Introduction* : « Pour sa dernière il nous gâte l’ami Château ! »

 

Est-ce son accablement qui s’épanche ainsi sur les personnages ou bien un sursaut de colère ? Nous misons sur le second choix. Pagan enfonce le clou avec ce récit qui met en scène un commissaire divisionnaire qui applique une formule simple et pratique : aussi pourri que moi tu meurs. Car les dommages collatéraux - comme on dit désormais - sont plus que préjudiciables et dépassent très largement la sphère professionnelle. Jusqu’à quel stade un homme peut-il transgresser les régles avec autant d’opiniâtreté ? Quand la manipulation atteint le stade ultime de la perversion cela promet un récit hérissé d’émotions fortes et de sévères barouds.

 

Berg semble vouloir jeter l’éponge. Son passé terroriste est lourd et il est prêt à se livrer si cependant il bénéficie d’une couverture de l’état. L’affaire est dans les mains - bientôt sales - de Château, un homme très affairé. La machine à happer se met lentement en branle. Les connections se créent, les décisions se peaufinent, la cible est désignée. Mais tout cela s’avère plus tortueux qu’il n’y paraît car l’heure est aux tractations secrètes, on négocie en sous-main.  

 

Avec la patte de l’auteur, qui s’attaque à un thème inhabituel, les visages se floutent, les âmes se distordent, les lignes droites se courbent et ce qui ne devrait pas arriver se produit. Raison d’état et déraison intime. On ne sait si c’est la démence ou la clairvoyance qui guide les destins.

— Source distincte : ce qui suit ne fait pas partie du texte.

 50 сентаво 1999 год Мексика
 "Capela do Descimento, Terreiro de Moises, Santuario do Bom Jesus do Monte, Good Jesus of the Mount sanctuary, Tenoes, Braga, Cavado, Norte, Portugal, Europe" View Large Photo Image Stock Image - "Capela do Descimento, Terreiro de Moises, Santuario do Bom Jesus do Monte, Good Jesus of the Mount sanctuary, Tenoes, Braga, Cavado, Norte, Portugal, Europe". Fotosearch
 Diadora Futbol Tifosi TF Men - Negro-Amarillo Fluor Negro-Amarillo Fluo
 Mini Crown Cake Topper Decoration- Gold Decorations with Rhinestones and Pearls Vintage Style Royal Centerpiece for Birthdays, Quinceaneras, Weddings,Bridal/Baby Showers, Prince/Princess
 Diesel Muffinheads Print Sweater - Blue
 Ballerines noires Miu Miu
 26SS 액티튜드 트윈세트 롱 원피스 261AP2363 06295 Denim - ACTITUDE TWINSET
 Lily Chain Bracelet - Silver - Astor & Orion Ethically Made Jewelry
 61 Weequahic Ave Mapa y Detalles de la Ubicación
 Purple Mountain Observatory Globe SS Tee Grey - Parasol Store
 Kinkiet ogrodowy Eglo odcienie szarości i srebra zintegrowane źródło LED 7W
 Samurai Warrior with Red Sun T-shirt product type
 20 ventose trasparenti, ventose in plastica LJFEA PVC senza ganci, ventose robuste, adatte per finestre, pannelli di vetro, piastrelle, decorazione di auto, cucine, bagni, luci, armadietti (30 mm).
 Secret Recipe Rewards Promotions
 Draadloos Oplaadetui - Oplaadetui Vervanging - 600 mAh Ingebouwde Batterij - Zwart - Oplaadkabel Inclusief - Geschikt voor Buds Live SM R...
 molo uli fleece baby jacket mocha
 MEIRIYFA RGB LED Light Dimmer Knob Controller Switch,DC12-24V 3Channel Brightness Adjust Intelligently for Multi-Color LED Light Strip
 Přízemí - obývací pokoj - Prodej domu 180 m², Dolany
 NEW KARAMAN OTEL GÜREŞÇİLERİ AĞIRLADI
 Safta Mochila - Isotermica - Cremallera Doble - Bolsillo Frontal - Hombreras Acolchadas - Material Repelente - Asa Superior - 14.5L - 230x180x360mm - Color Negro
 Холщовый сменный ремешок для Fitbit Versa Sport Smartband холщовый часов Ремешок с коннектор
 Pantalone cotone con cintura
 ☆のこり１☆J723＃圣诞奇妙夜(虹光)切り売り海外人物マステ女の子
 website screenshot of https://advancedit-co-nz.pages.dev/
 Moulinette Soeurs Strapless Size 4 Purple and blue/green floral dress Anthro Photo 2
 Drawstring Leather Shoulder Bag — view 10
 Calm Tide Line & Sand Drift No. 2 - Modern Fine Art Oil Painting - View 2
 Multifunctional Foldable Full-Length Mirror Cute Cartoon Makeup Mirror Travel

Est-ce qu’un excès de lucidité peut conduire en enfer ? Dans le fracas c’est le silence insupportable qui s’impose. Celui de ceux qui mènent la danse, une valse de magouilles où le faux pas est interdit. La lassitude fige les corps comme un condamné devant le peloton d’exécution. Comment réagir quand les dés sont jetés mais pipés ?

 

On assiste aux grandes manœuvres de l’état. Cachet « Secret défense ». Last affair ne tranche pas le nœud gordien. Il sinue plutôt dans ses méandres, dans ces « affaires » infréquentables, ces opérations au bistouri vicieux. Pagan introduit une gravité qui flirte étonnamment avec la dérision. On pourrait en rire si ce n’était aussi sombre. Une plume acérée qui saigne. Sang noir. Cette citation de Céline ouvre le roman « …Faire confiance aux hommes, c’est déjà se faire tuer un peu. » Pagan mérite la nôtre.

 

Mention : Merci à Pierre qui m’a offert ce beau roman !

*Penny est mon assistante et amie. Elle intervient en introduction de mes chroniques.

 

« Last affair », Hugues Pagan, éditions Albin Michel, parution : 1986, 262 pages.